A few days ago, the Foundation Fighting Blindness announced a new program to 1) study people with Stargardt’s to gain information about how best to treat it, 2) to better understand the disease’s progression, and 3) to identify potential patients for future clinical trials.

Here is how FFB described their ProgStar program, an important step in understanding and treating Stargardt’s disease.

Sept. 4, 2012 - The Foundation Fighting Blindness Clinical Research Institute is launching a natural history study of people affected by Stargardt disease. Known as ProgStar, the study has three primary goals: 1) determine the best outcome measures to accelerate evaluation of emerging treatments; 2) better understand disease progression for selecting future clinical trial participants; and 3) identify potential participants for forthcoming clinical trials.

The study, taking place in multiple locations worldwide, will combine both prospective and retrospective analyses. The prospective portion, for which physicians will track the progression of disease in participants, will last at least a year, with a possible one-year extension. Physicians will also retrospectively analyze disease progression by reviewing participants' past medical records. 

"Stargardt disease has a complex effect on the retina," says Dr. Hendrik Scholl, of the Wilmer Eye Institute, Johns Hopkins Hospital, ProgStar's protocol principal investigator and study director. "Also the rate of disease progression can vary between people and is difficult to measure. These issues can make selection of clinical trial outcome measures and participants challenging. But ProgStar will help us design better human studies of potential treatments and increase our chances of success."

During ProgStar, researchers will evaluate a number of outcome measures, including retinal images, visual fields and visual acuity.

ProgStar is preparing to enroll its first participants in early 2013. The study's clinician-scientists, listed below, will recruit as many as 300 patients from their practices. No additional recruitment will be conducted, and ProgStar will not involve administration of potential therapies.

Principal investigators for the study are:

    Dr. Paul Bernstein, University of Utah (Salt Lake City)
    Dr. David Birch, Retina Foundation of the Southwest (Dallas)
    Dr. Gerald Fishman, The Chicago Lighthouse (Chicago)
    Dr. Samuel Jacobson, University of Pennsylvania (Philadelphia)
   Dr. Michel Michaelides, Moorfields Eye Hospital (London, United Kingdom)
    Dr. José Sahel, Institut de la Vision (Paris, France)
    Dr. Hendrik Scholl, Johns Hopkins Hospital (Baltimore)
    Dr. Janet Sunness, Greater Baltimore Medical Center (Baltimore)
    Dr. Eberhart Zrenner, University of Tübingen (Tübingen, Germany)

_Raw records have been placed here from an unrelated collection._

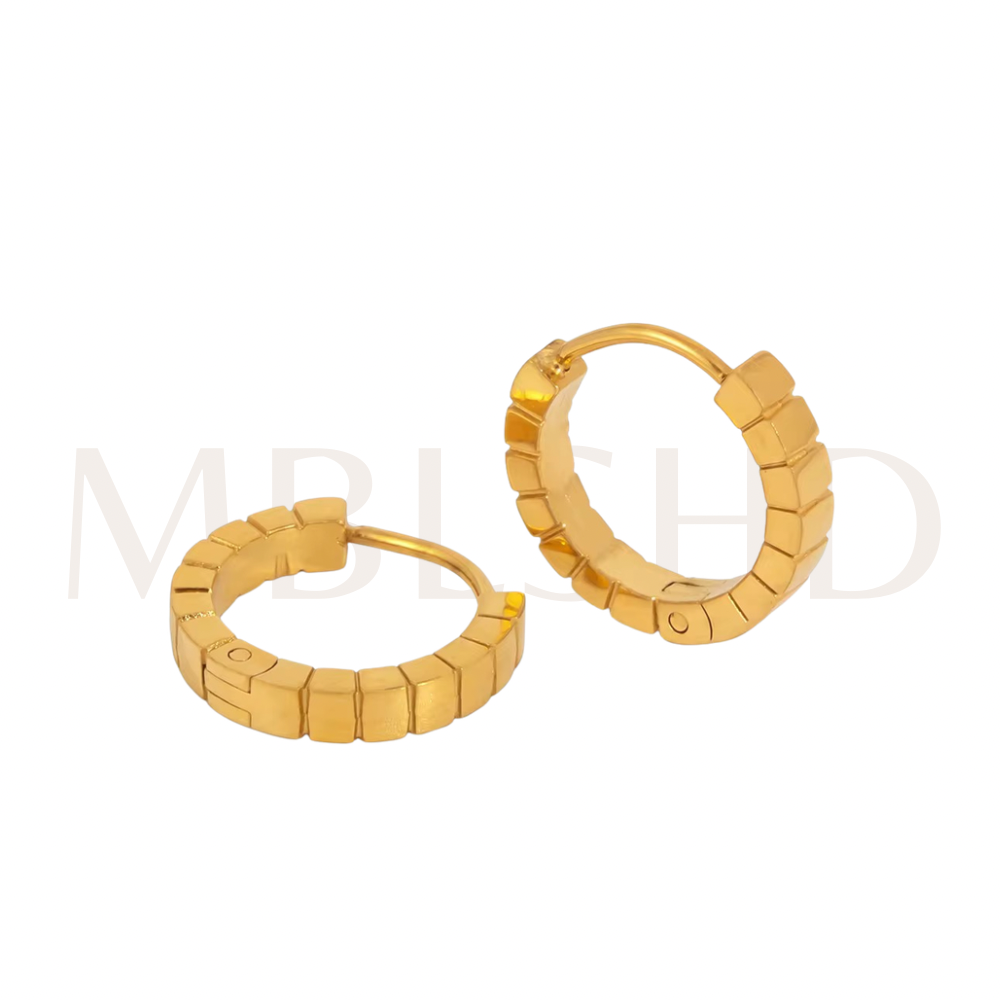 Golden Blocks Hoop Earrings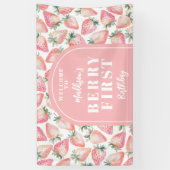 ストロベリーファースト1歳の誕生日パーティーへようこそ 横断幕 (縦)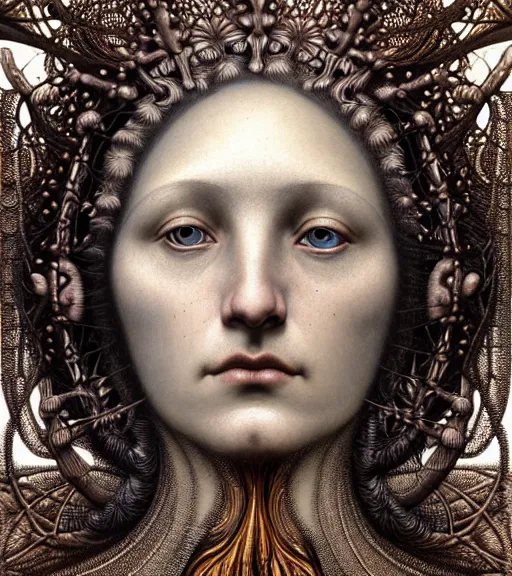 Prompt: detailed realistic beautiful salome face portrait by jean delville, gustave dore, iris van herpen and marco mazzoni, art forms of nature by ernst haeckel, art nouveau, symbolist, visionary, gothic, neo - gothic, pre - raphaelite, fractal lace, intricate alien botanicals, ai biodiversity, surreality, hyperdetailed ultrasharp octane render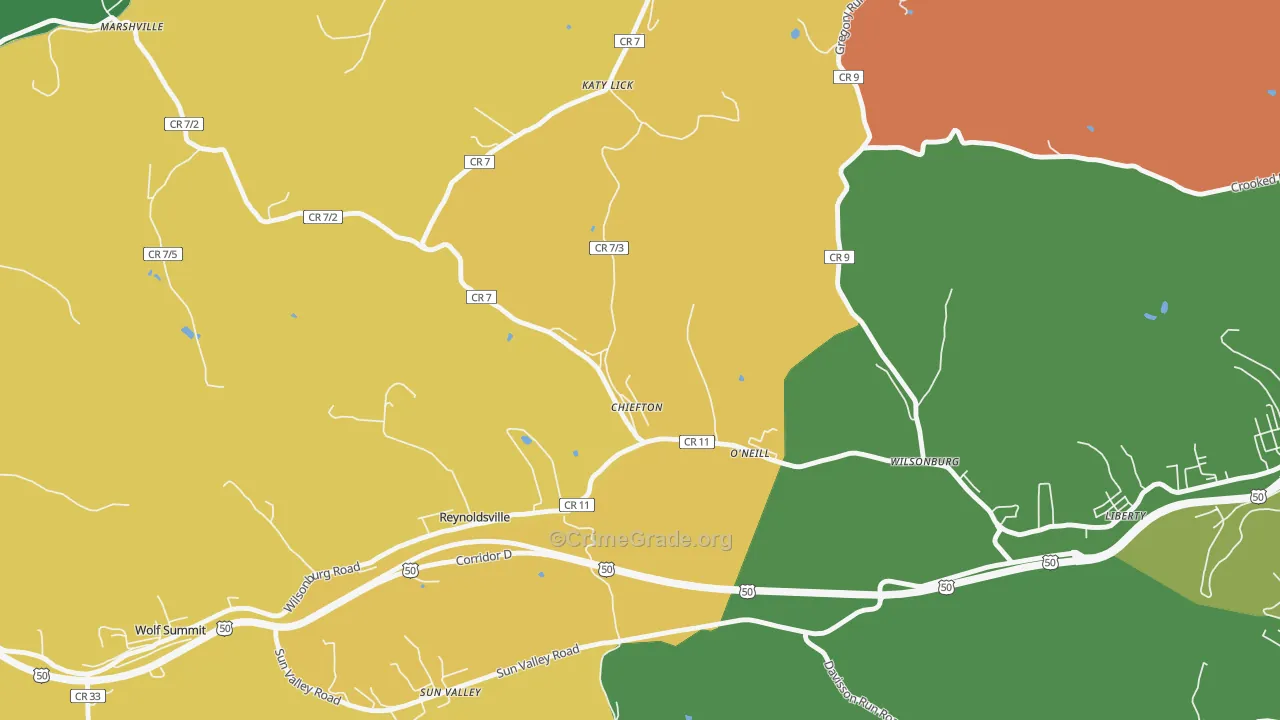Chiefton, WV Map of Robbery Rates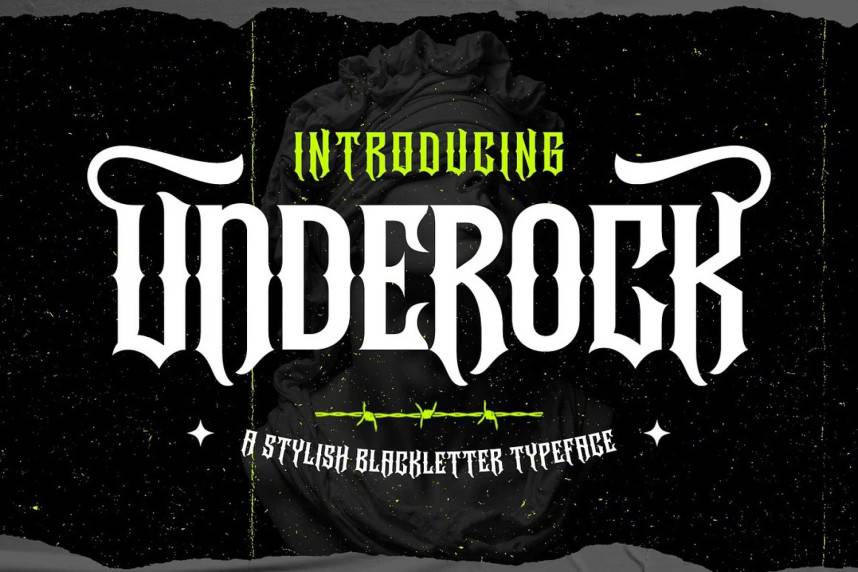 index Underock – Blackletter Hardcore Typeface 哥特式 英文字体免费下载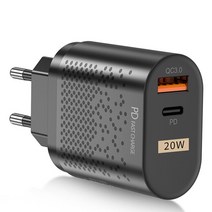 스마트싱스 스마트플러그 2 포트 고속 충전 PD 20W 빠른 3.0 USB 전화 충전기 USB-A Type-C for iPhone 12 11 XS 삼성 전원 어댑터 US/EU/U, [01] black EU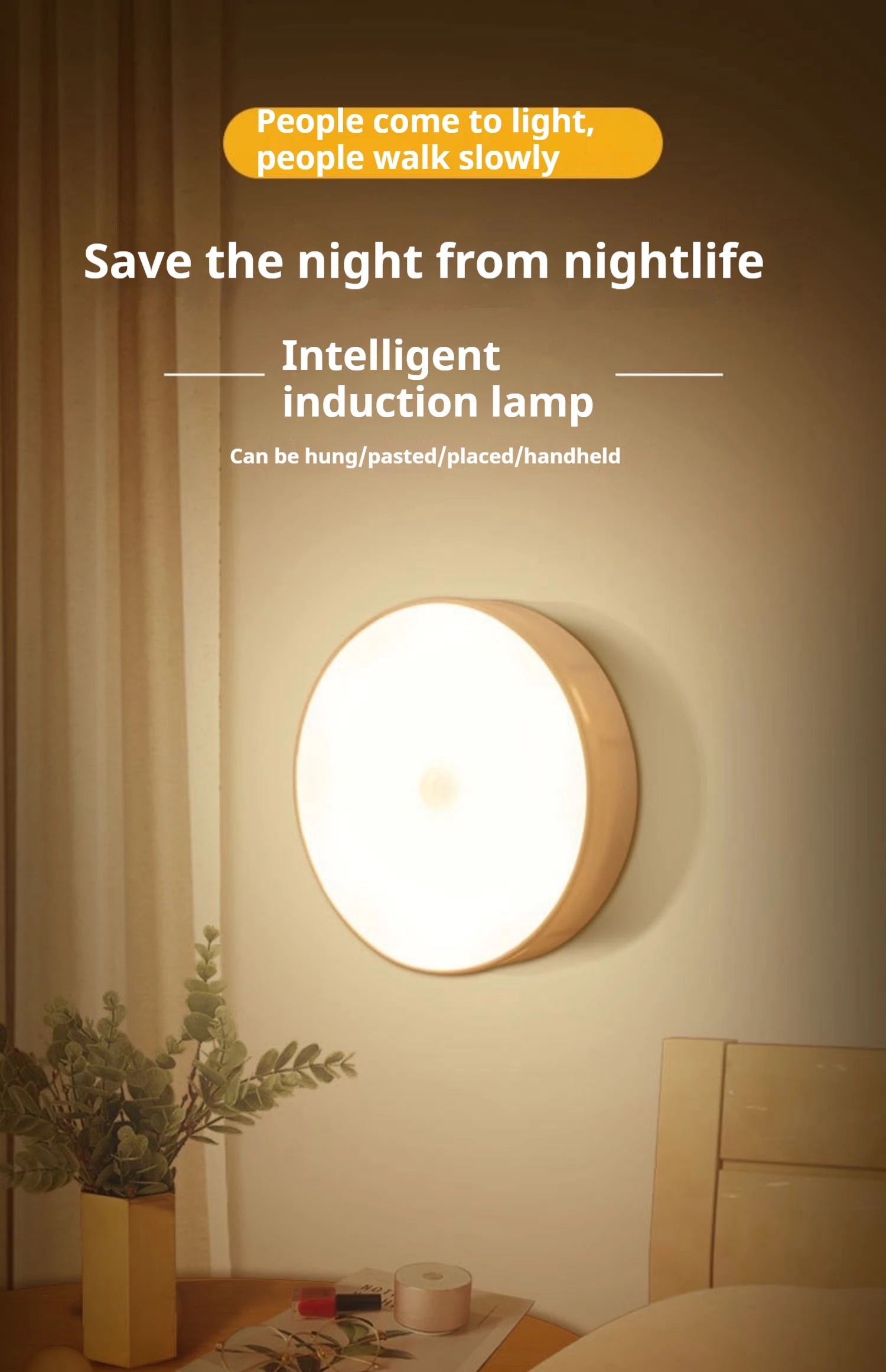 Home Sweet Home Motion Sensor LED Night Light illuminating a dark hallway with a sleek, compact design and automatic sensor activation.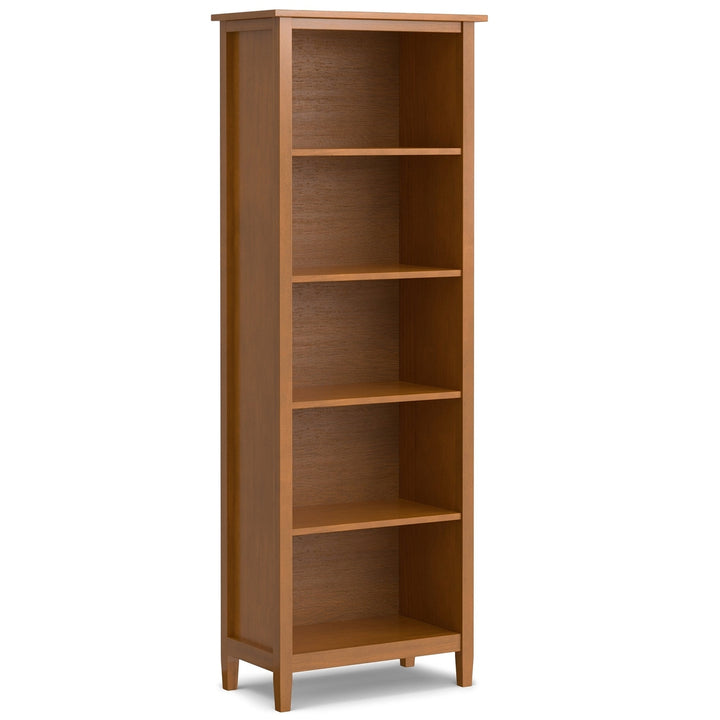 Warm Shaker 5 Shelf Bookcase Solid Wood Adjustable Shelves Light Golden Brown Image 1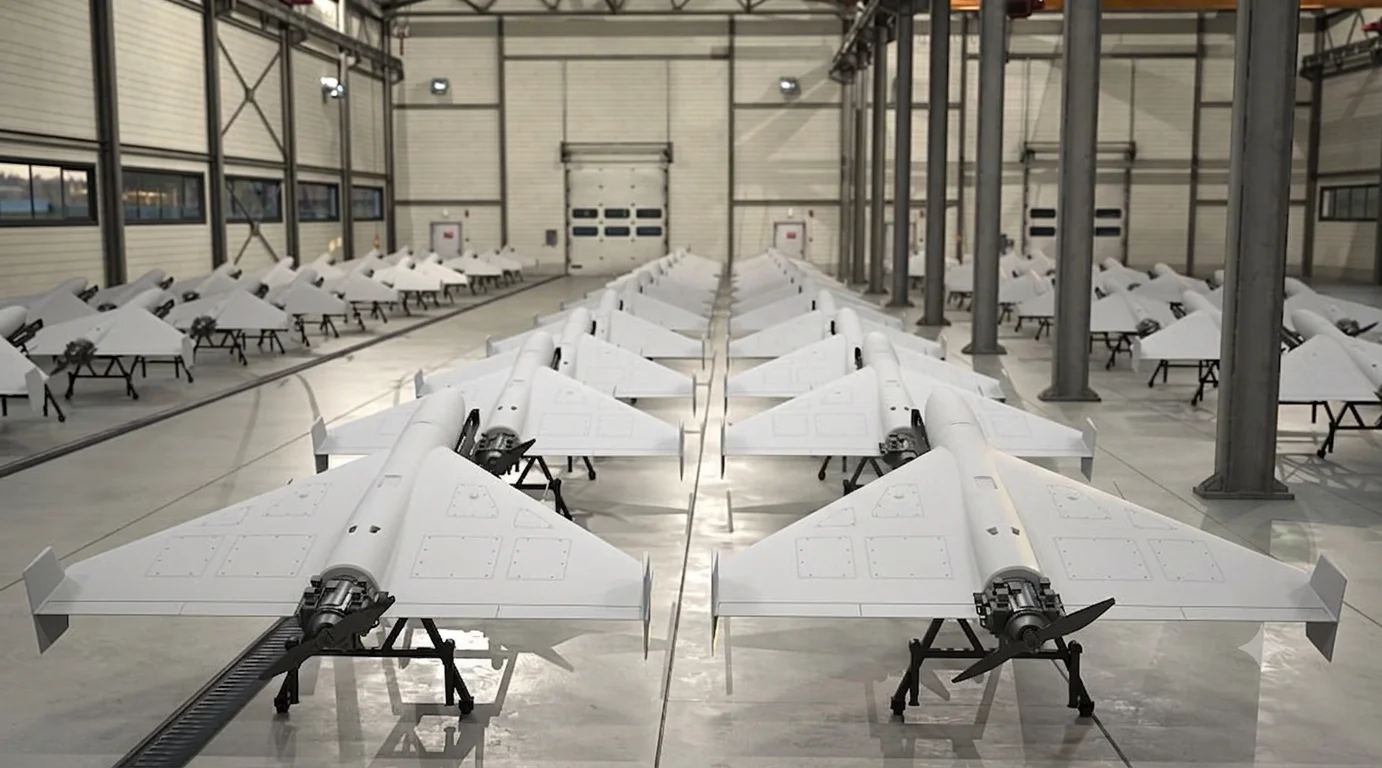 Rows of unmanned aircraft arranged inside a defense manufacturing hangar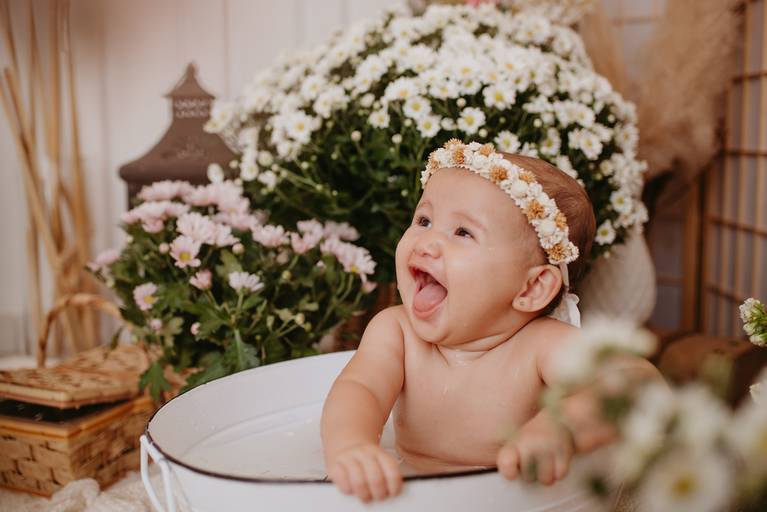 ensaio bebe menina flores 9 meses estudio em campo grande 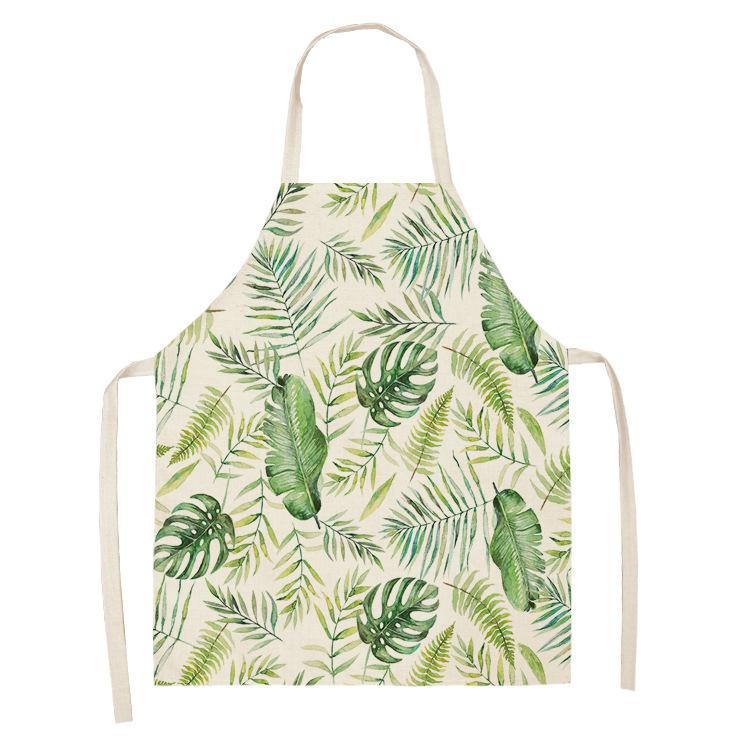 Tropical Plants Kitchen Aprons For Women Home Flower Baking Baking Cafe Cotton Linen Cleaning Aprons 38x47cm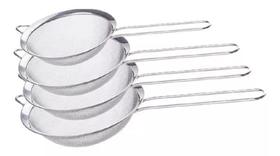 Jogo Peneiras 4 Peças Aço Inox Tamanhos PP P M G Utensílios - Escritex
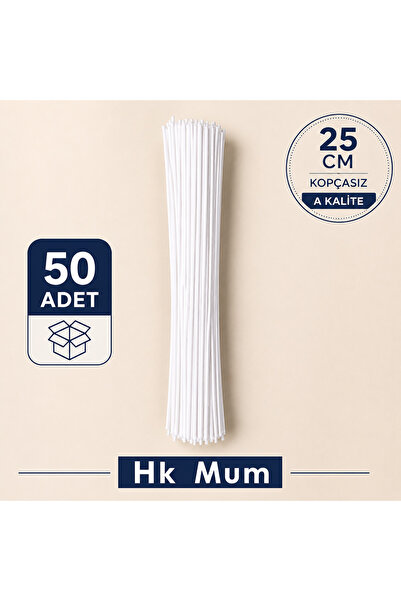 hk 25 cm Kopçasız A Kalite Mum Fitili – Parafin Kaplı Pamuk Fitil | Kap İçi v...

Participants for the study are being recruited only from the existing patient populations of the nine principal investigators listed above. People who are not existing patients of one of these physicians are not eligible for the study.

Participating in study design are Drs. Frederick Ferris and Brian Brooks, of the National Eye Institute, Dr. Johanna Seddon, of Tufts Medical Center, and Dr. Richard Weleber, of Oregon Health & Science University.

Dr. Srinivas Sadda, of the Doheny Eye Institute, University of Southern California, will be analyzing imaging and visual field data collected from the study centers.